::: Data listing
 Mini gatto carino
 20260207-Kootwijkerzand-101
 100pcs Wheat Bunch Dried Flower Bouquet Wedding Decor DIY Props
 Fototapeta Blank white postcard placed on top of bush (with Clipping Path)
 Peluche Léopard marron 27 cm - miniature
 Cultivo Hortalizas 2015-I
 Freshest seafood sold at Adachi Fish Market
::::::
::: Data listing
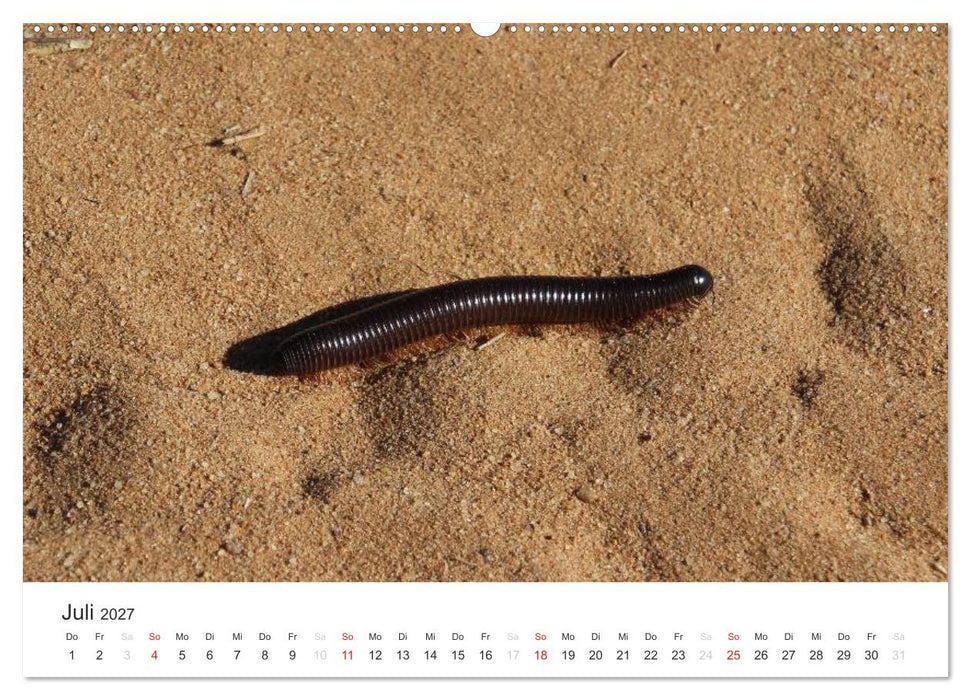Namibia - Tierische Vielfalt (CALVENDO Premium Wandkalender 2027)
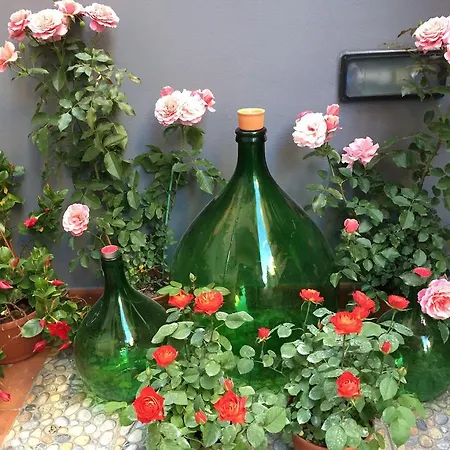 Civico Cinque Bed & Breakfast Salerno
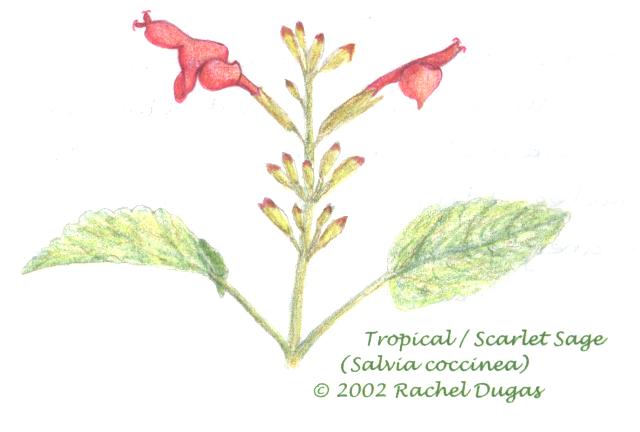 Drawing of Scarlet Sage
::::::
::: Data listing
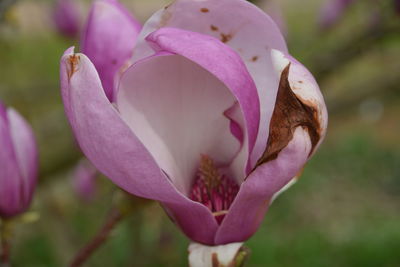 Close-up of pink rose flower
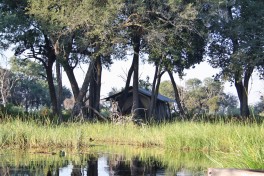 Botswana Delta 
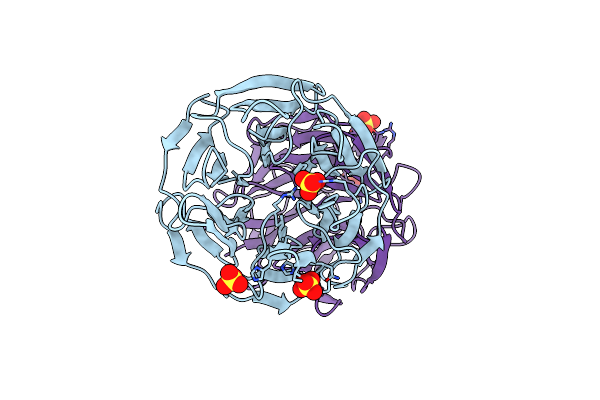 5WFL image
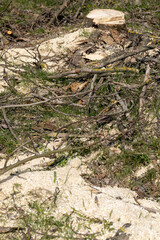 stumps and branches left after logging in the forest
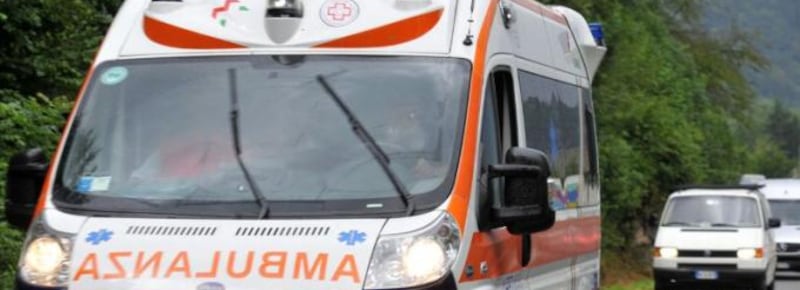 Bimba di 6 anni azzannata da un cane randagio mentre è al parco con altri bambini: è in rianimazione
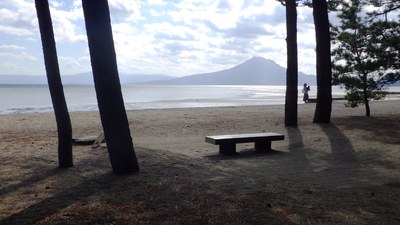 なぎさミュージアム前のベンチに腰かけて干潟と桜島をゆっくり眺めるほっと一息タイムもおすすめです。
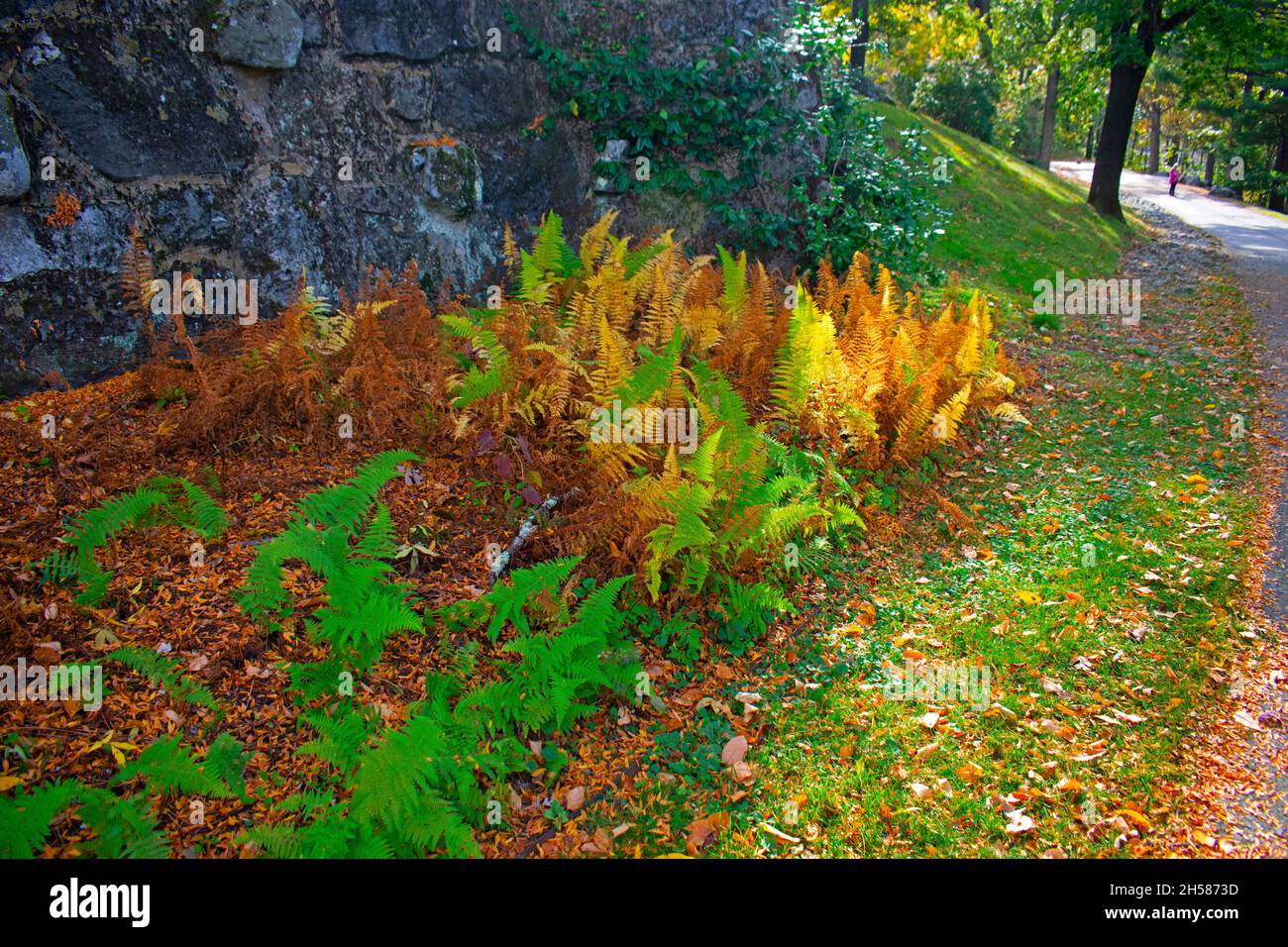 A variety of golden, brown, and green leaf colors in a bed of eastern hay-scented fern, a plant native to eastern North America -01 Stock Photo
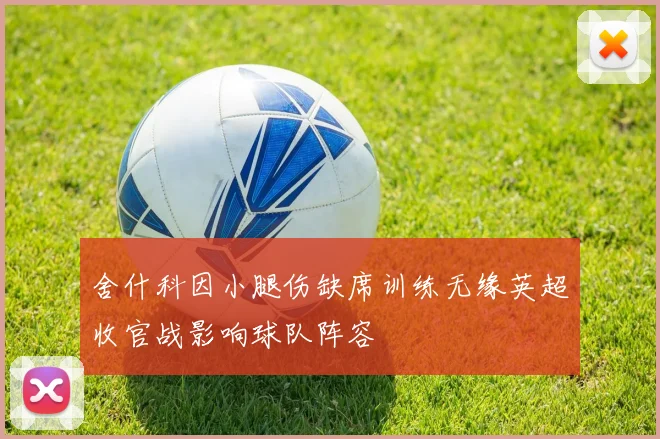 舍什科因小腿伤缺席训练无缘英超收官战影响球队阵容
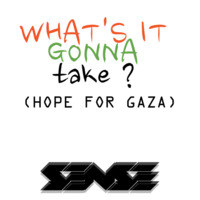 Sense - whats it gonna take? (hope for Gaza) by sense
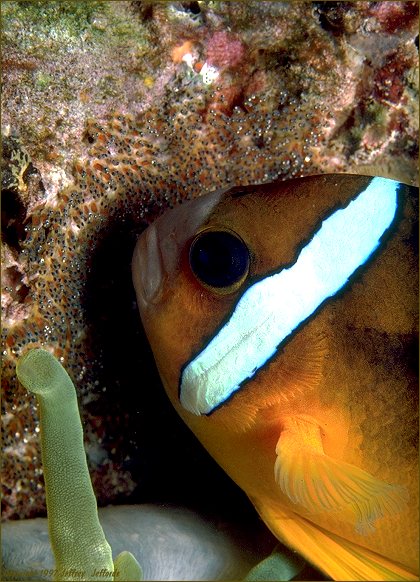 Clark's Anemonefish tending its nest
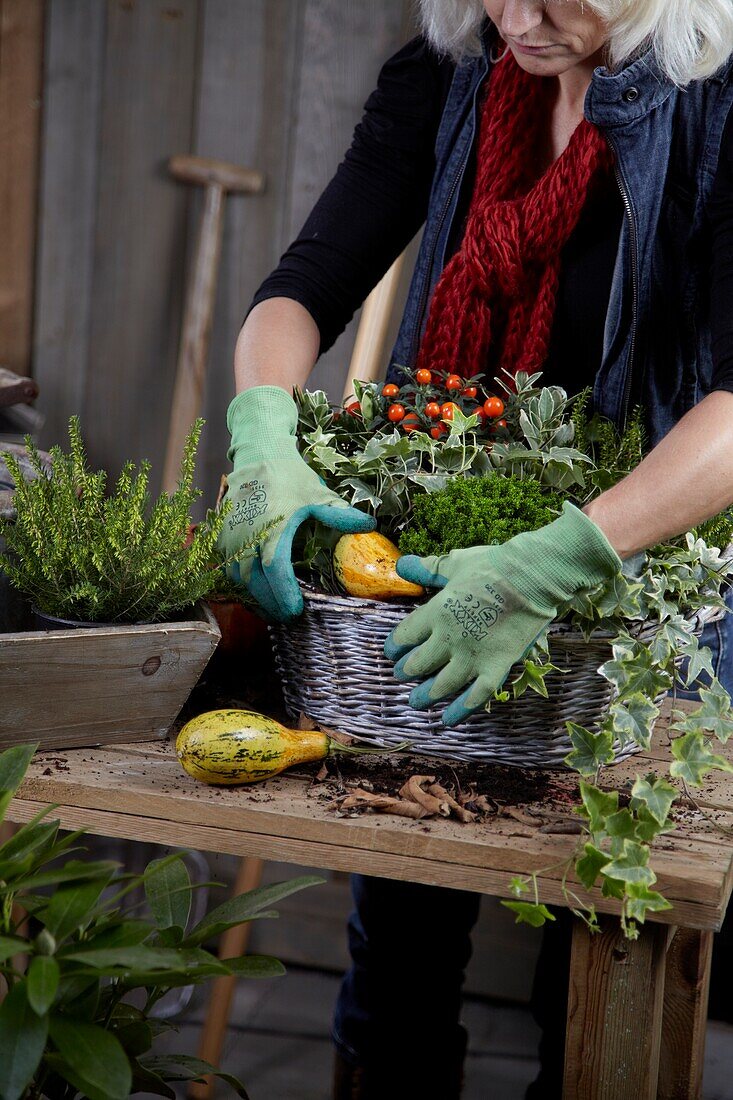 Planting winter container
::::::
▸ Exercise: Print exactly the lines above that run from the one with "A variety of" to the one with "Planting winter container", both included. No pictures.

▸ Answer to the exercise:
 A variety of golden, brown, and green leaf colors in a bed of eastern hay-scented fern, a plant native to eastern North America -01 Stock Photo
 舍什科因小腿伤缺席训练无缘英超收官战影响球队阵容
 Sense - whats it gonna take? (hope for Gaza) by sense
 Clark's Anemonefish tending its nest
 Planting winter container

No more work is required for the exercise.